DLO-HiC-Tools implemented the pipeline with Snakemake. If you want generate the HiC matrix and the quality control report(see example) at once, you can use this pipeline.

The pipeline contain two files, a Snakemake file and a configuration file.

Firstly, generate them by dlohic pipeline command. It will generate the necessary files under your working directory.

$ dlohic pipeline
dlo_hic.tools.helper.pipeline INFO    @ 08/21/18 21:40:30: Generate config file at ./pipeline_config.ini
dlo_hic.tools.helper.pipeline INFO    @ 08/21/18 21:40:30: Generate pipeline (Snakemake file) at ./Snakefile
$ ls
pipeline_config.ini  Snakefile

Then edit the pipeline_config.ini file, just fill the sections with it's comment information. And you can reference the example data and the configuration file, see here.

After all necessary information wrote in to the configuration file, You can run the pipeline.

$ snakemake -j 16

The -j parameter indicate the number of jobs, it depend on your cpu cores number. Or, if you use the cluster like pbs system, you can run like this:

$ snakemake --cluster qsub -j 16

In addition, you can visualize the pipeline(need Graphviz installed):

$ snakemake all --dag | dot -Tpng > pipeline.png

doc/img/pipeline.png

More information about the Snakemake, please read it's document.
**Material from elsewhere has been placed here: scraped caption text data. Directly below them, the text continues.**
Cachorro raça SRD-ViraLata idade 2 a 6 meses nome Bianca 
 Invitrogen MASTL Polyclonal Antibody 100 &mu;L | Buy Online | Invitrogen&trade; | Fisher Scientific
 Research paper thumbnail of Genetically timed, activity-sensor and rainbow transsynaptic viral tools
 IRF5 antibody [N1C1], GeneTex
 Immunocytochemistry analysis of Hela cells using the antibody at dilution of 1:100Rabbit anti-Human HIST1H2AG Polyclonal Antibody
Visualize the contact map:

The pipeline can generate two kind of result matrix format, .hic and .cool. Although there are some contact maps in the HTML report, but if you want to browse the contact at finer resolution. You should use the software like:

  • Juicebox provided the GUI for .hic file.
  • CoolBox for .cool and .hic file visualization in the Jupyter nootebook.